§ **WORK ITEM**
Set down exactly the entries below, beginning at their first line and ending at the line with "Photo: AFP White".

§ **INFORMATION**
>>>>

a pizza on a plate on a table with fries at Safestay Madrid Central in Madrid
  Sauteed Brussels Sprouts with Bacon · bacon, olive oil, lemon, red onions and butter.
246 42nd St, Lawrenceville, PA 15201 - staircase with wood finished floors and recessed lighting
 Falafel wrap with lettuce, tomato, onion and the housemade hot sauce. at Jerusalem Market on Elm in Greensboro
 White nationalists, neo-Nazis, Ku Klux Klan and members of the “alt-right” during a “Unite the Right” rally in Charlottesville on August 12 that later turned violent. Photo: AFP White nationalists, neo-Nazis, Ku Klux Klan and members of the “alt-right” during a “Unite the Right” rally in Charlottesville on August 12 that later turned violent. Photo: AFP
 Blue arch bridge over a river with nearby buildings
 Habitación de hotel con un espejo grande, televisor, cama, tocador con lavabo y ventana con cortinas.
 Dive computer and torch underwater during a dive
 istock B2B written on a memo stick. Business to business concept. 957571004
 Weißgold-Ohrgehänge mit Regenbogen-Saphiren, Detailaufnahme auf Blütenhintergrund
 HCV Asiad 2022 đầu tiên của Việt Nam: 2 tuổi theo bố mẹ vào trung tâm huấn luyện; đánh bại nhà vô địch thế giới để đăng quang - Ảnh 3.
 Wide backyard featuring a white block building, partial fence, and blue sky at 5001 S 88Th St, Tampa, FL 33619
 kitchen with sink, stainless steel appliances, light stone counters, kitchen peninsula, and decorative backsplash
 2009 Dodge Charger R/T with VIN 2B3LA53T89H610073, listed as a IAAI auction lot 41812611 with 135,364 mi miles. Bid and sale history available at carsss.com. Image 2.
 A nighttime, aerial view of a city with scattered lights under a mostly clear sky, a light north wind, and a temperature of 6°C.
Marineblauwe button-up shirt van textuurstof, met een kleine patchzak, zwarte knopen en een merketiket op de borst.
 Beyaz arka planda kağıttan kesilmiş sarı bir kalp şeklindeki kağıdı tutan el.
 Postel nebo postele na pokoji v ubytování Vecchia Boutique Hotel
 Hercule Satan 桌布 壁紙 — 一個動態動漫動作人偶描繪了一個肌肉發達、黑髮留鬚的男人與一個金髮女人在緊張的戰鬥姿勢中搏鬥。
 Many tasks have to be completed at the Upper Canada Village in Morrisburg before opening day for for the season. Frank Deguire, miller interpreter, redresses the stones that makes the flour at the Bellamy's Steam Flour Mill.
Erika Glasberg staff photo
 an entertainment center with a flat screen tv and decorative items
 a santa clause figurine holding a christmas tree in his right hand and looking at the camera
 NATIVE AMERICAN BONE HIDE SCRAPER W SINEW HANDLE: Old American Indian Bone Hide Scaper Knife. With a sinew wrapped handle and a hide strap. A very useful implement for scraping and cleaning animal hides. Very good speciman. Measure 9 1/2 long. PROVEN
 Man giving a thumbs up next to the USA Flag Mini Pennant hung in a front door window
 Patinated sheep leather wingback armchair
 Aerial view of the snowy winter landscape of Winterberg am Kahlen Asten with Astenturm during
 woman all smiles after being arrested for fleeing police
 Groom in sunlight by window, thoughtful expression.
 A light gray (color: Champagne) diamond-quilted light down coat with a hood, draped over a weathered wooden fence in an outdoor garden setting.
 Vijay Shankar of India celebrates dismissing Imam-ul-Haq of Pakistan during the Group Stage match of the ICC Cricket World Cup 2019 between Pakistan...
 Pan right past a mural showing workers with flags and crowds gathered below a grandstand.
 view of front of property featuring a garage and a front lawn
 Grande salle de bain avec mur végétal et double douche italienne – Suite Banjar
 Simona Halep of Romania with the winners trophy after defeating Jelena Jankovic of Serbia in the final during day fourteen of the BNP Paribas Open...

<<<<

§ **TASK RESPONSE**
a pizza on a plate on a table with fries at Safestay Madrid Central in Madrid
  Sauteed Brussels Sprouts with Bacon · bacon, olive oil, lemon, red onions and butter.
246 42nd St, Lawrenceville, PA 15201 - staircase with wood finished floors and recessed lighting
 Falafel wrap with lettuce, tomato, onion and the housemade hot sauce. at Jerusalem Market on Elm in Greensboro
 White nationalists, neo-Nazis, Ku Klux Klan and members of the “alt-right” during a “Unite the Right” rally in Charlottesville on August 12 that later turned violent. Photo: AFP White nationalists, neo-Nazis, Ku Klux Klan and members of the “alt-right” during a “Unite the Right” rally in Charlottesville on August 12 that later turned violent. Photo: AFP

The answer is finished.